## Aim of the task
All pictures are to be omitted while the lines starting at the line with "애플 펜슬 1 2 프로" and ending at the line with "Wedge Sandals Open" in the material below are retyped exactly, both ends included.

## Extracted records
■ ■ ■

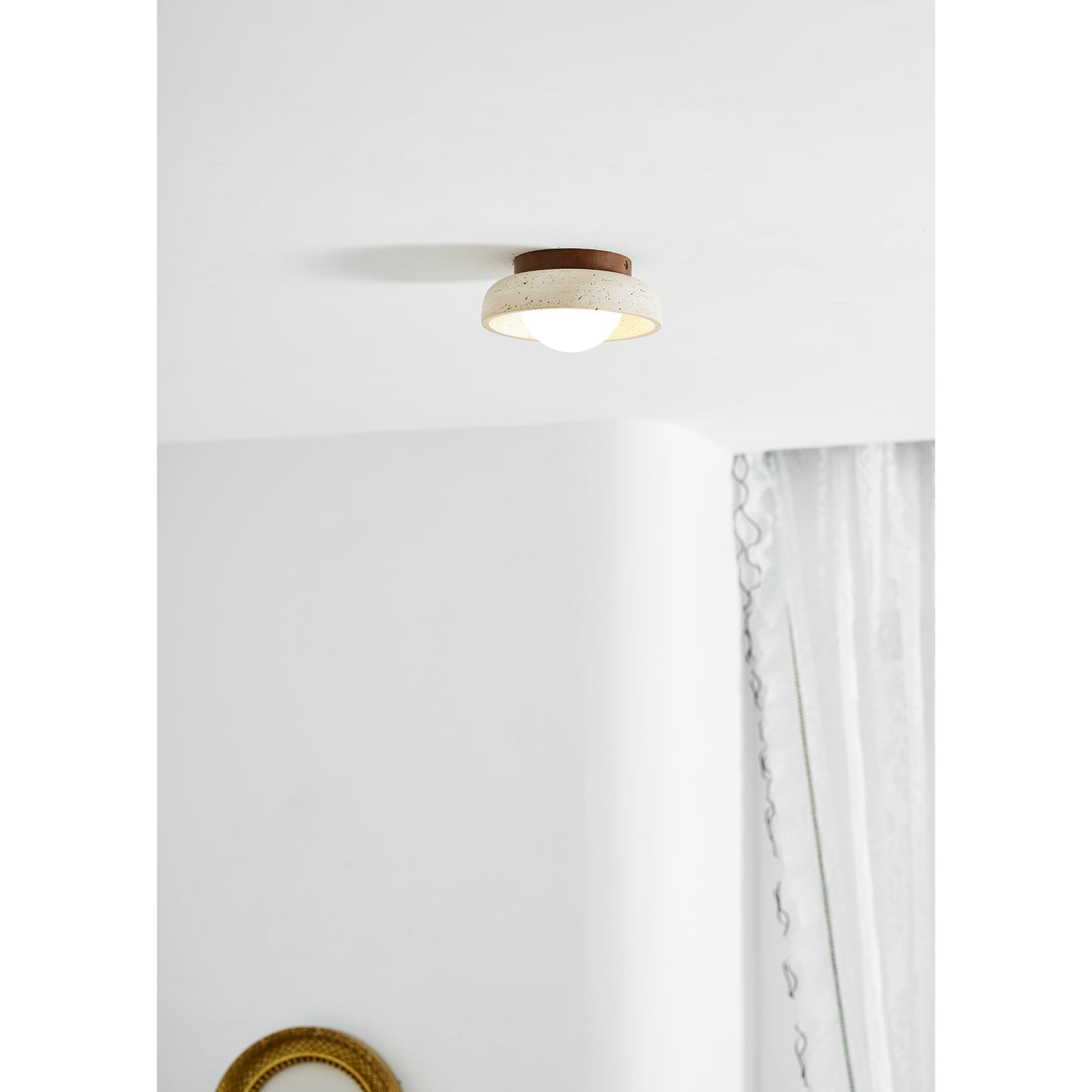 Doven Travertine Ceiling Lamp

■ ■ ■

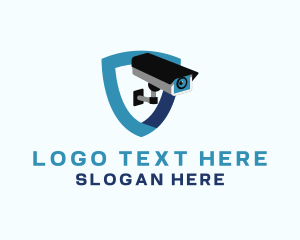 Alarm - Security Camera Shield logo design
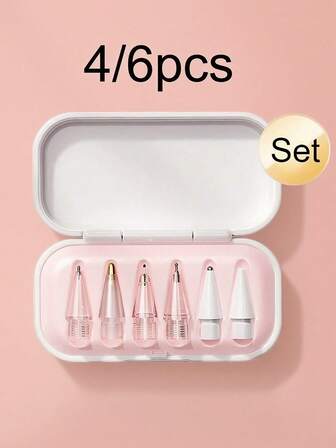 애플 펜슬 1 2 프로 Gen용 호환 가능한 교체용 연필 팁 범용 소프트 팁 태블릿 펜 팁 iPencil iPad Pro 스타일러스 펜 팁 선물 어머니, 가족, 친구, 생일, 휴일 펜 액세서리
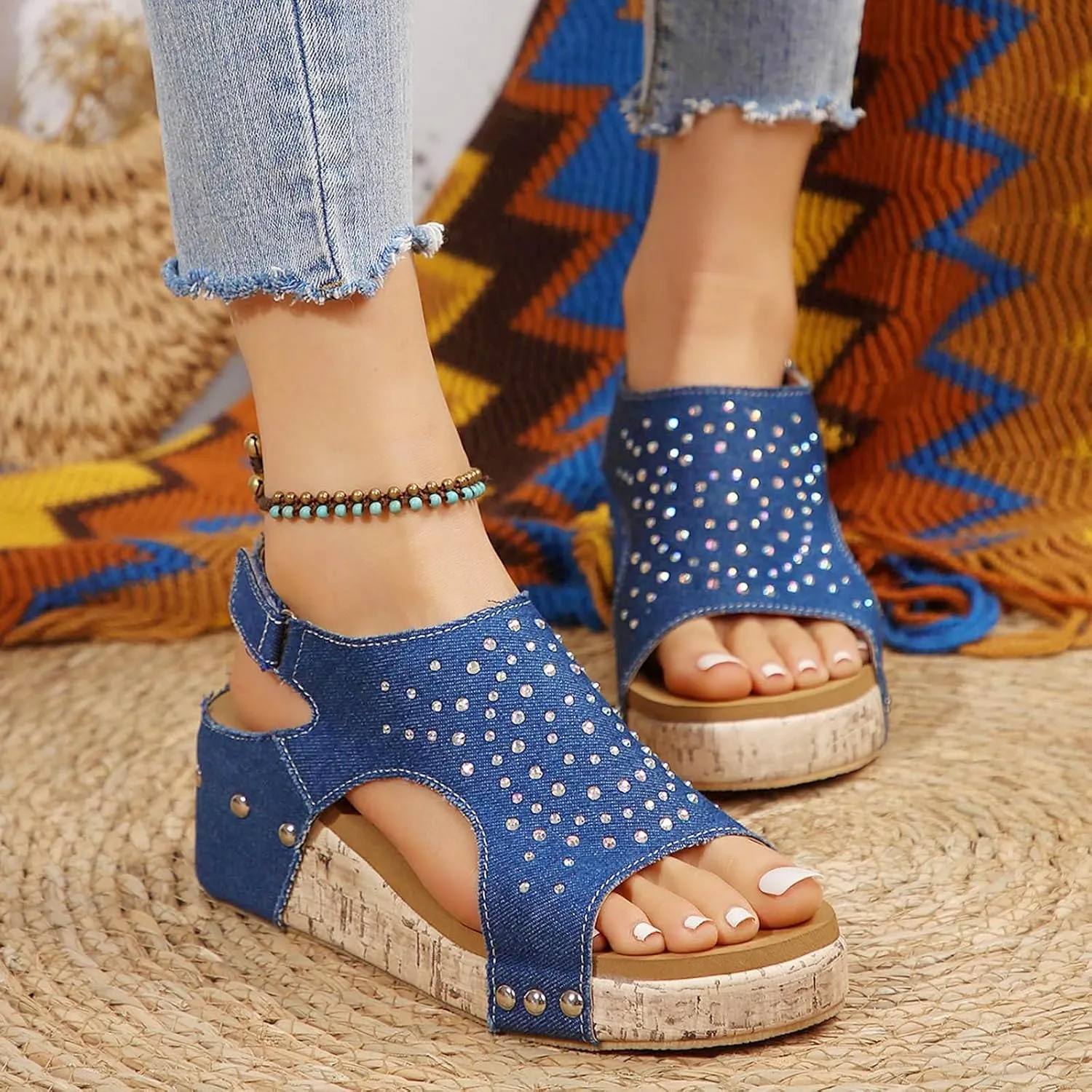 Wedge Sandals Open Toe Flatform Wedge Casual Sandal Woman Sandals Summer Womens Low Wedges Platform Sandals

■ ■ ■

## Solution to this task
 애플 펜슬 1 2 프로 Gen용 호환 가능한 교체용 연필 팁 범용 소프트 팁 태블릿 펜 팁 iPencil iPad Pro 스타일러스 펜 팁 선물 어머니, 가족, 친구, 생일, 휴일 펜 액세서리
 Wedge Sandals Open Toe Flatform Wedge Casual Sandal Woman Sandals Summer Womens Low Wedges Platform Sandals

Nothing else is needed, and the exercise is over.